Material provided -
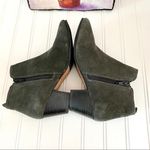 Dune London  Perdy boots women's 6 gray suede leather side zip block heel ankle Photo 2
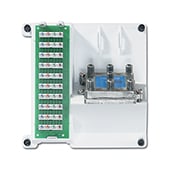 47603-1G6 6-Way Compact Pre-Configured Telephone and Video Panel, 9 Ports, ABS Plastic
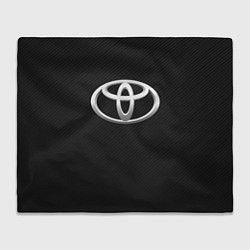 Плед флисовый Toyota carbon, цвет: 3D-велсофт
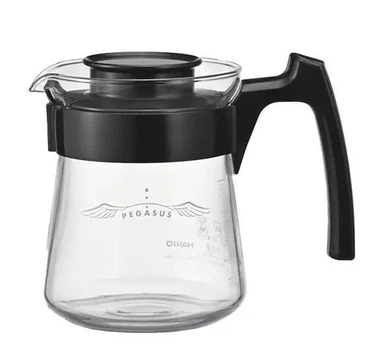 Сервер hario для заваривания кофе v60 Pegasus PES-01-B из жаропрочного стекла, с ручкой заварник кофейный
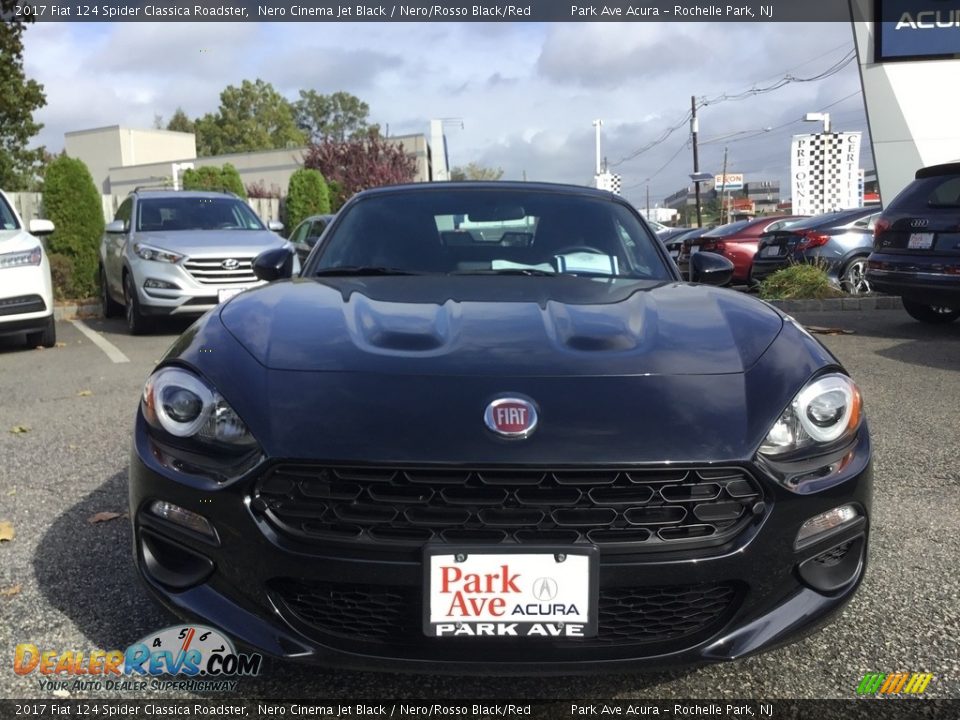 2017 Fiat 124 Spider Classica Roadster Nero Cinema Jet Black / Nero/Rosso Black/Red Photo #14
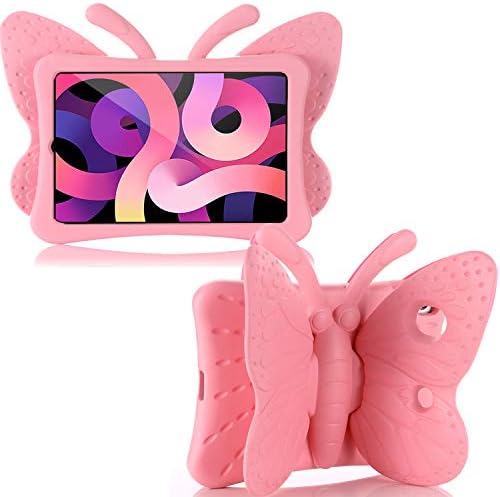IPAD AIR חדש 4 10.9 מארז 2020 / iPad Pro 11 2020 מקרה לילדים, 3D Cartoon Butterfly Non-Toxic EVA הוכחת משקל קל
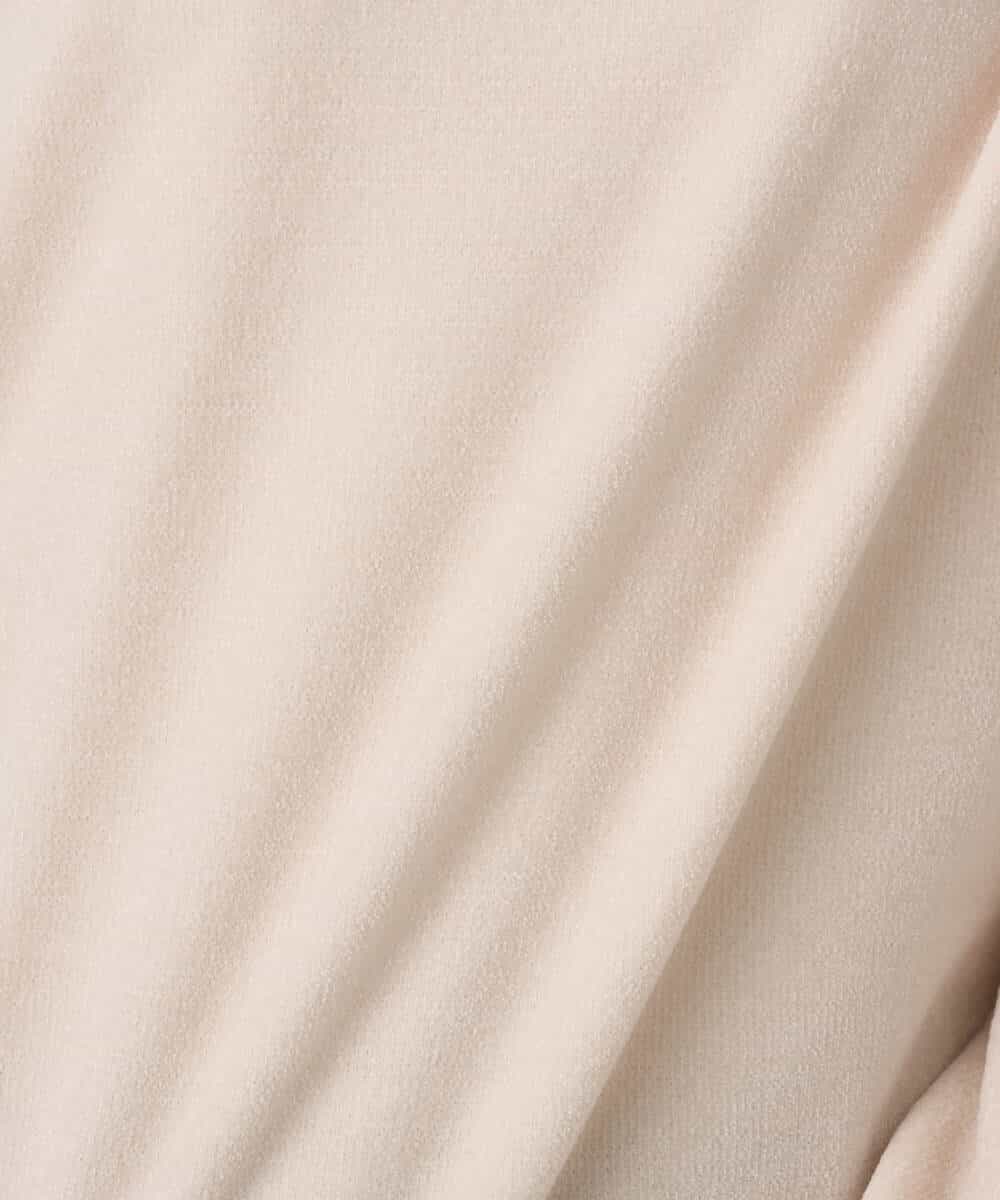 FKFAD45120 MK MICHEL KLEIN(MK ミッシェルクラン) モールヤーンボートネックニット/洗える マスタード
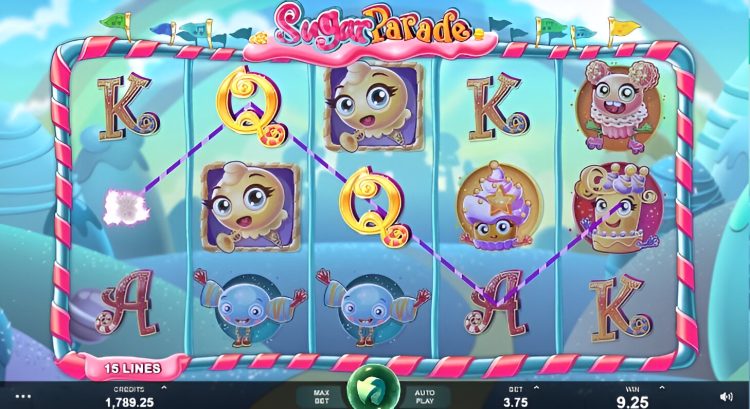 Sugar Parade online gokkast Microgaming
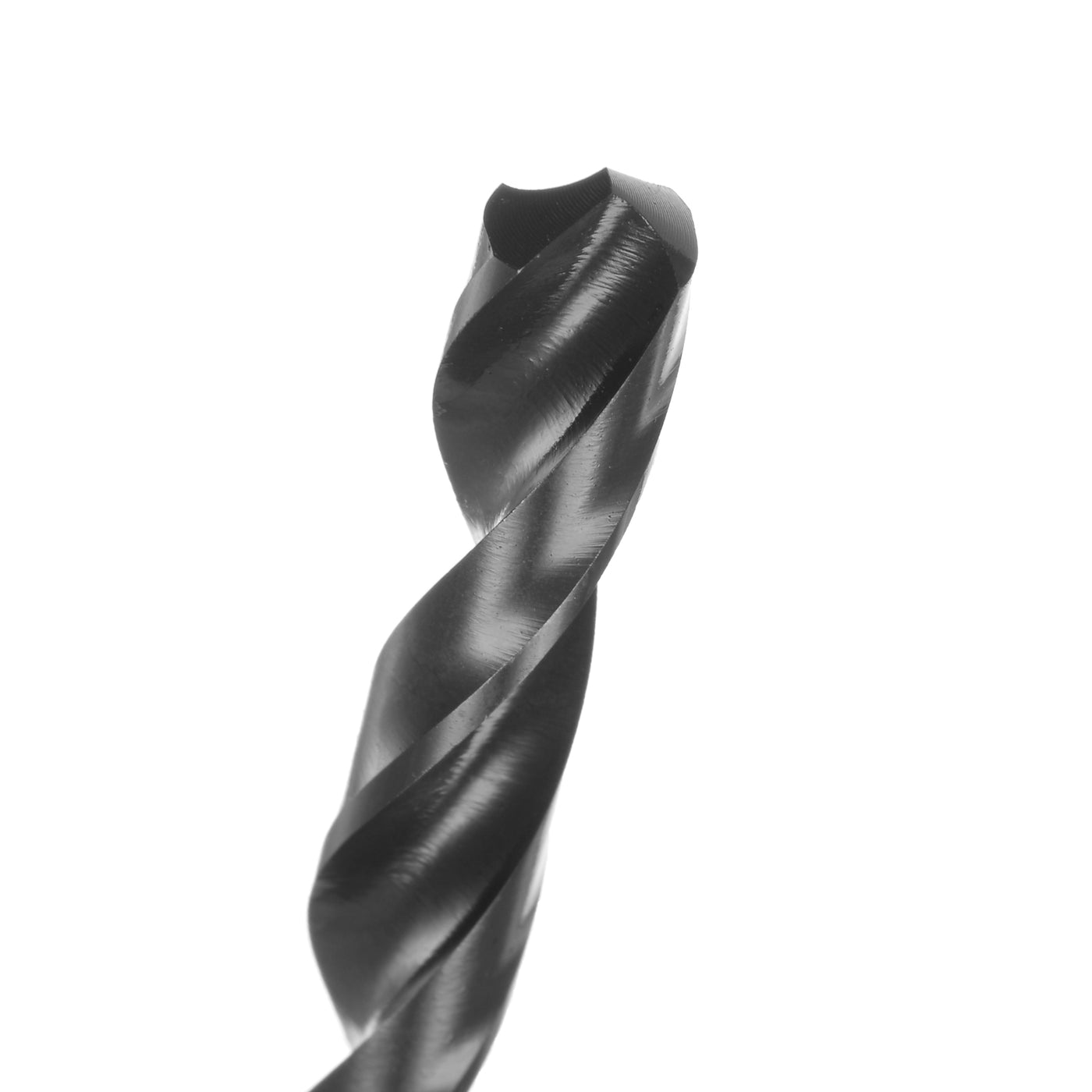 uxcell Uxcell High Speed Steel Lengthen Twist Drill Bit 8mm Black Oxide Round Shank 3Pcs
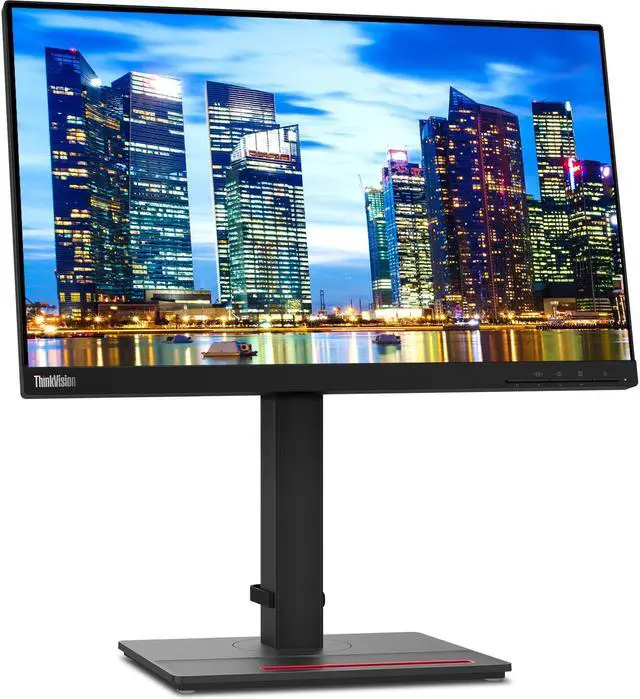 Alt view image 2 of 7 - Lenovo ThinkVision T22i 22-inch 1920 x 1080 LED FHD Widescreen LCD Monitor, 2-Pack Bundle with HDMI, VGA, DisplayPort, USB Hub, Desk Mount Dual Monitor Stand, ThinkPad Universal USB-C Multiport Dock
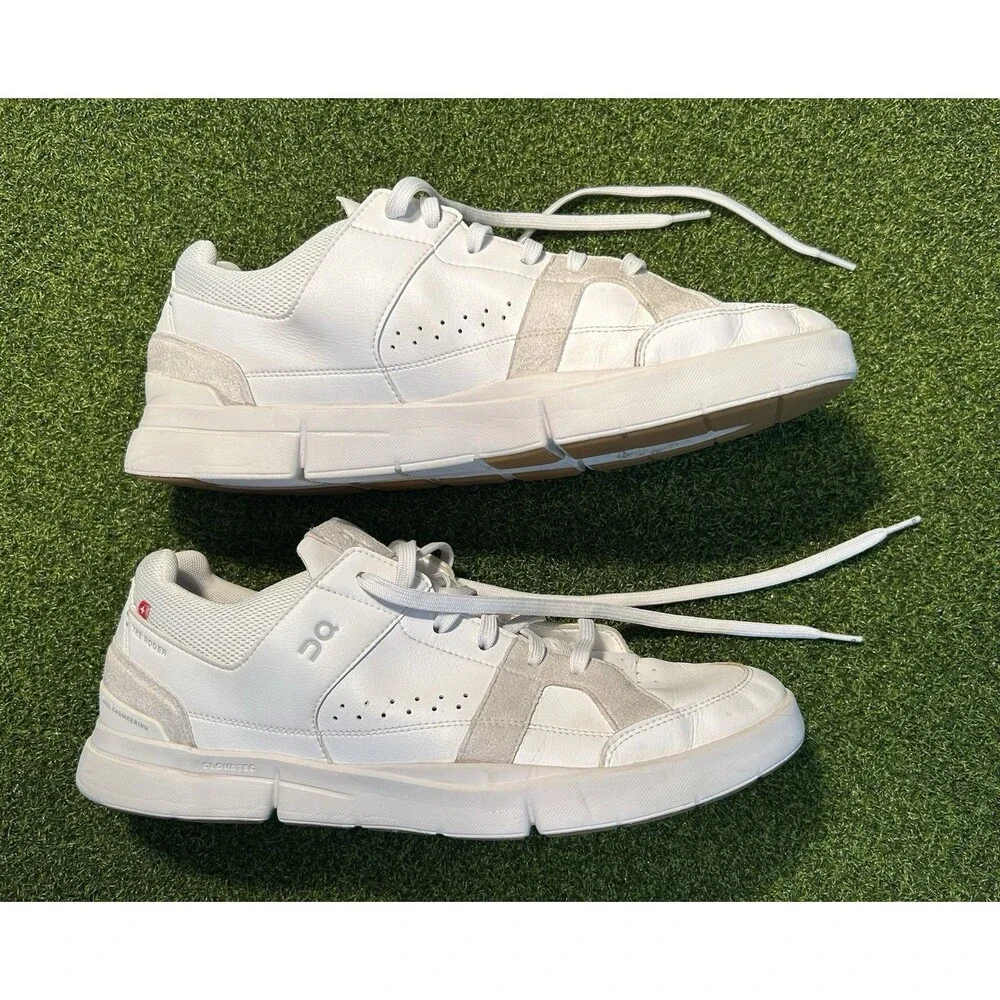 ON The Roger Clubhouse 'White Sand' Men’s Size 13 Tennis Pickleball Shoe 4899144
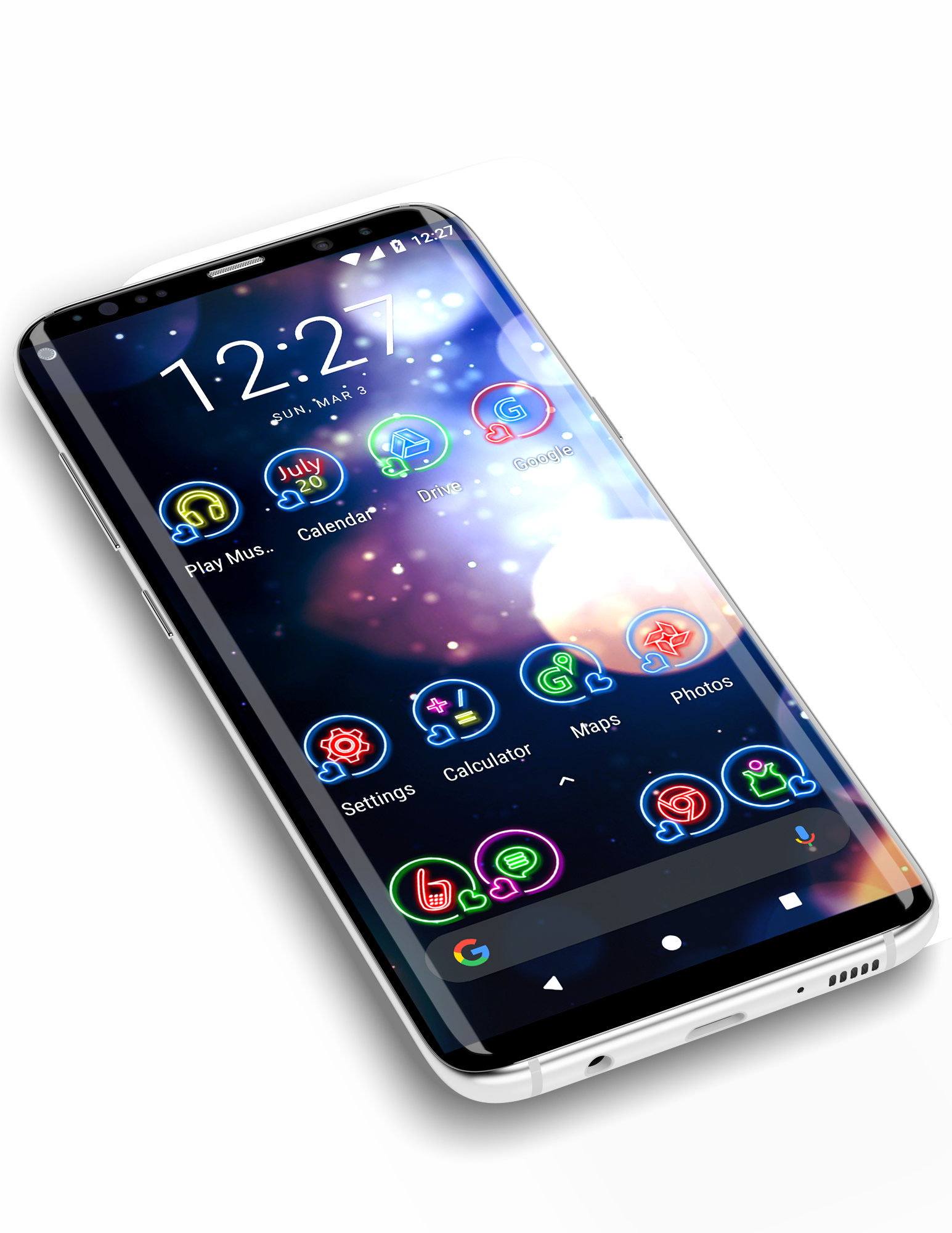 اسکرین شات 5 برنامه 3D Launcher Theme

Task directions - Write out exactly the lines from the one containing "FKFAD45120 MK MICHEL" through the end of the entries, both included. Pictures are not copied.

Output of the task -
 FKFAD45120 MK MICHEL KLEIN(MK ミッシェルクラン) モールヤーンボートネックニット/洗える マスタード
 Sugar Parade online gokkast Microgaming
 uxcell Uxcell High Speed Steel Lengthen Twist Drill Bit 8mm Black Oxide Round Shank 3Pcs
 Alt view image 2 of 7 - Lenovo ThinkVision T22i 22-inch 1920 x 1080 LED FHD Widescreen LCD Monitor, 2-Pack Bundle with HDMI, VGA, DisplayPort, USB Hub, Desk Mount Dual Monitor Stand, ThinkPad Universal USB-C Multiport Dock
 ON The Roger Clubhouse 'White Sand' Men’s Size 13 Tennis Pickleball Shoe 4899144
 اسکرین شات 5 برنامه 3D Launcher Theme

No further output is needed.